My question is: why do both integer and floating-point multiplication execute faster than their addition counterparts? It is a small factor, but it is consistent across numerous tests. In TAOCP Knuth lists ADD as taking 2 units of time while MUL takes 10. Did something change in CPU architecture since then?
Different instructions take different amounts of time on the same CPU; and the same instructions can take different amounts of time on different CPUs. For example, for Intel's original Pentium 4 shifting was relatively expensive and addition was quite fast, so adding a register to itself was faster than shifting a register left by 1; and for Intel's recent CPUs shifting and addition are roughly the same speed (shifting is faster than it was on the original Pentium 4 and addition slower, in terms of "cycles").
To complicate things more, different CPUs may be able to do more or less at the same time, and have other differences that effect performance.

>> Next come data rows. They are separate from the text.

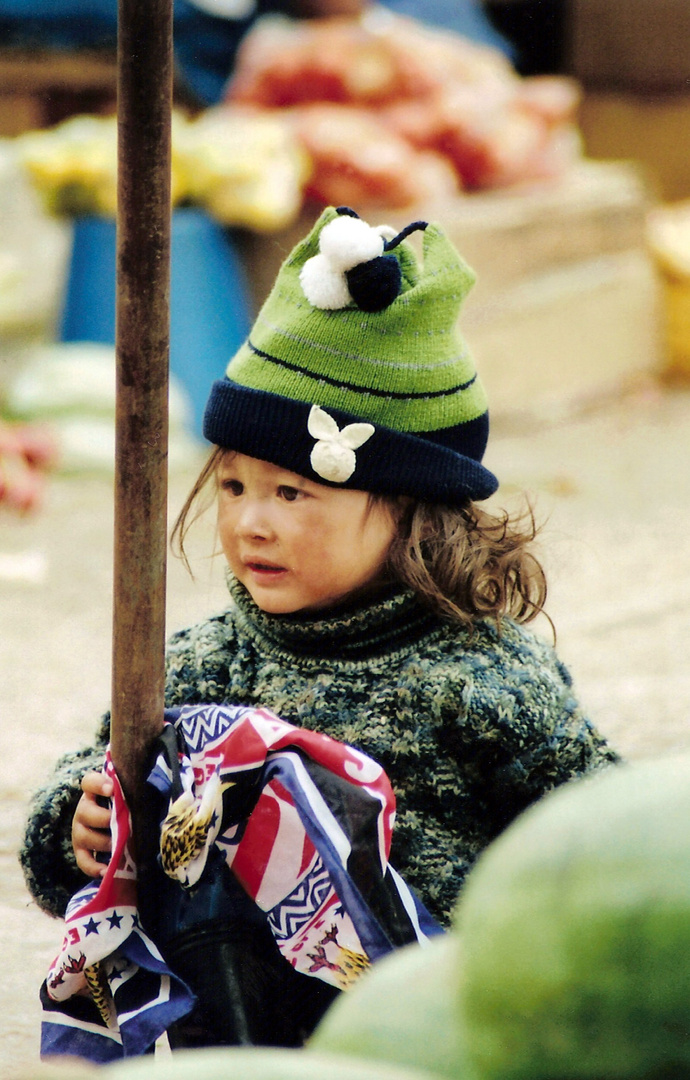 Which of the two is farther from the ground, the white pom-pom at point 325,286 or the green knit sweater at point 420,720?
the white pom-pom at point 325,286

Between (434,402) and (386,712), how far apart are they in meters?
0.41

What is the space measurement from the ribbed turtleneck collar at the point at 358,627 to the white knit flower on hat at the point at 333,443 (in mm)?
A: 180

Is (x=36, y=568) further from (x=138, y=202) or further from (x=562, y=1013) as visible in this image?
(x=562, y=1013)

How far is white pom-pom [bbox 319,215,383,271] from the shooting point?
5.70 feet

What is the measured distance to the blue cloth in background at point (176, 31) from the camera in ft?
19.3

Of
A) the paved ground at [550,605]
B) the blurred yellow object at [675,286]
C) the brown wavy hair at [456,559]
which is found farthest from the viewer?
the blurred yellow object at [675,286]

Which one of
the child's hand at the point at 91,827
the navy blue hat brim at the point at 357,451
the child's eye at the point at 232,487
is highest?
the navy blue hat brim at the point at 357,451

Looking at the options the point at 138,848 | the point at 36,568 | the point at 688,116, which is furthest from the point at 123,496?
the point at 688,116

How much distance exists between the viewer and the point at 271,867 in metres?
1.56

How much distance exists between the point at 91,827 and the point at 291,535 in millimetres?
435

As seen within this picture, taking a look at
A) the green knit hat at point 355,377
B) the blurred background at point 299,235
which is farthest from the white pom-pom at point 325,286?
the blurred background at point 299,235

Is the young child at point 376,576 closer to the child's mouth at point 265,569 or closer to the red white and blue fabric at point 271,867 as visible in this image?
the child's mouth at point 265,569

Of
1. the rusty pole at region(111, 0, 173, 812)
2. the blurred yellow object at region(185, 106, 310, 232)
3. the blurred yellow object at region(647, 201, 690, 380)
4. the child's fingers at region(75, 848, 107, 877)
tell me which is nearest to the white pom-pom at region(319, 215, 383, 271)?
the rusty pole at region(111, 0, 173, 812)

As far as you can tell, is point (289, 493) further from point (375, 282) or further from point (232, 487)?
point (375, 282) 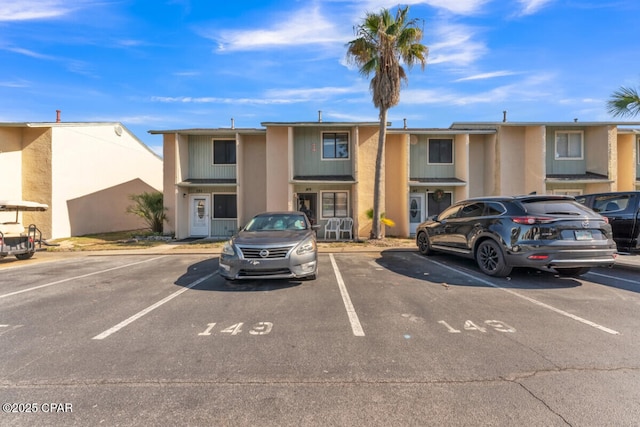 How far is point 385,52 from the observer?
42.9 feet

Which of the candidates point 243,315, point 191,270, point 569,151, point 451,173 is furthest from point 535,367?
point 569,151

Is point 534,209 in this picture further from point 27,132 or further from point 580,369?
point 27,132

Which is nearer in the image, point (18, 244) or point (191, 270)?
point (191, 270)

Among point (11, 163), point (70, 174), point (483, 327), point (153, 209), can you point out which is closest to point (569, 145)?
point (483, 327)

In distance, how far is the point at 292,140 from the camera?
49.5 ft

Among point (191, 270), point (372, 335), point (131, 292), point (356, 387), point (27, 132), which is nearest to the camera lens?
point (356, 387)

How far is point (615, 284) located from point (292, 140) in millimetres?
12408

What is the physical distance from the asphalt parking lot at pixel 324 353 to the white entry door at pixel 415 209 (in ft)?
33.0

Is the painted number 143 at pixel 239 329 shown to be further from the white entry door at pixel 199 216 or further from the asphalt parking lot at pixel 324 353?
the white entry door at pixel 199 216

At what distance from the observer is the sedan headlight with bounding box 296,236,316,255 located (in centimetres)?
621

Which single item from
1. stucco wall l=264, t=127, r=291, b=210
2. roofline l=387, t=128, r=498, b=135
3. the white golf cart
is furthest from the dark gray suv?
the white golf cart

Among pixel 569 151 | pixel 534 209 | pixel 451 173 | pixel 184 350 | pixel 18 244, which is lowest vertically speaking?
pixel 184 350

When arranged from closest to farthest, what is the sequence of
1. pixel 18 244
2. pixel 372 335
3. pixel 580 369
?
pixel 580 369 → pixel 372 335 → pixel 18 244

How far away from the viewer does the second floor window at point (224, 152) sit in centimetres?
1658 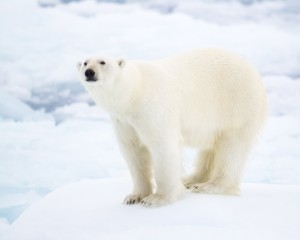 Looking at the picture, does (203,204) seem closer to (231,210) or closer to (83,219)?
(231,210)

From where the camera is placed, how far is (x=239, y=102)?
6105mm

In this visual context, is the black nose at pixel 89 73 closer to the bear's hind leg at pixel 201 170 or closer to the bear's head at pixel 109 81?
the bear's head at pixel 109 81

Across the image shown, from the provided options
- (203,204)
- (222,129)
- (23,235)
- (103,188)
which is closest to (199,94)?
(222,129)

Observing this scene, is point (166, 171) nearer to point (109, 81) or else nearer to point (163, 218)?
point (163, 218)

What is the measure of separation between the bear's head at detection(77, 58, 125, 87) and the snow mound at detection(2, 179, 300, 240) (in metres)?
1.26

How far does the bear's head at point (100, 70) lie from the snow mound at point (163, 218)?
126 centimetres

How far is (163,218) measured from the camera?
523 cm

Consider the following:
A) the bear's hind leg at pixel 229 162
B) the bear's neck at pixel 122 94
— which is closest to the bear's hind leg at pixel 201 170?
the bear's hind leg at pixel 229 162

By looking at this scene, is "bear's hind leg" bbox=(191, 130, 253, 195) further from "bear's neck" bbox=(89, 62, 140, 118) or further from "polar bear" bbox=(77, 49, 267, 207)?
"bear's neck" bbox=(89, 62, 140, 118)

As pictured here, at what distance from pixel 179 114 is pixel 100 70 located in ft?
3.16

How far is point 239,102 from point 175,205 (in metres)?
1.34

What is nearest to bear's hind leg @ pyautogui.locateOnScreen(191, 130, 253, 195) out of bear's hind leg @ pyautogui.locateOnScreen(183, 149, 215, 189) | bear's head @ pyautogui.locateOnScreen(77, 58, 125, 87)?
bear's hind leg @ pyautogui.locateOnScreen(183, 149, 215, 189)

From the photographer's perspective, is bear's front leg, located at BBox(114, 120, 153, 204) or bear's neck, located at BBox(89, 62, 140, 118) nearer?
bear's neck, located at BBox(89, 62, 140, 118)

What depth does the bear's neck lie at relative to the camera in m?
5.29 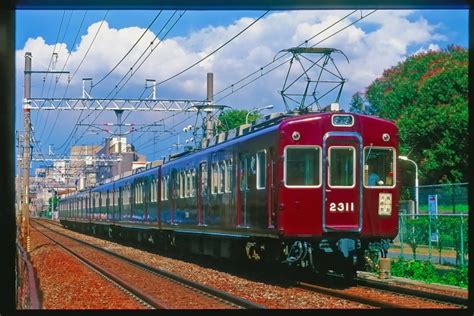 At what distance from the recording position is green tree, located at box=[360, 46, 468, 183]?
12.0 m

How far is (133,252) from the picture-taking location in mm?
20688

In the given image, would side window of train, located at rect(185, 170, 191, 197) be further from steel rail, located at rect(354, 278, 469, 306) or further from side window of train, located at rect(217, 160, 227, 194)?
steel rail, located at rect(354, 278, 469, 306)

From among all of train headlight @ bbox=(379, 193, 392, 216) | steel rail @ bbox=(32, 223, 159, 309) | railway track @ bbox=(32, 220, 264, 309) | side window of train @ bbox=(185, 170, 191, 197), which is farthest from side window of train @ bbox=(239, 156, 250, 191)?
side window of train @ bbox=(185, 170, 191, 197)

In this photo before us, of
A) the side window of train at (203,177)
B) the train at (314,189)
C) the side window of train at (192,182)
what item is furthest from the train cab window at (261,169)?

In theory (and not necessarily in practice):
Shifting and boolean operations (AND, OR, XOR) should be fastest (each bit can be done in parallel). Addition and subtraction should be next (relatively simple, but all bits of the result can't be done in parallel because of the carry from one pair of bits to the next).
Multiplication should be much slower as it involves many additions, but some of those additions can be done in parallel. For a simple example (using decimal digits not binary) something like 12 * 34 (with multiple digits) can be broken down into "single digit" form and becomes 2*4 + 2*3 * 10 + 1*4 * 10 + 1*3 * 100; where all "single digit" multiplications can be done in parallel, then 2 additions can be done in parallel, then the last addition can be done.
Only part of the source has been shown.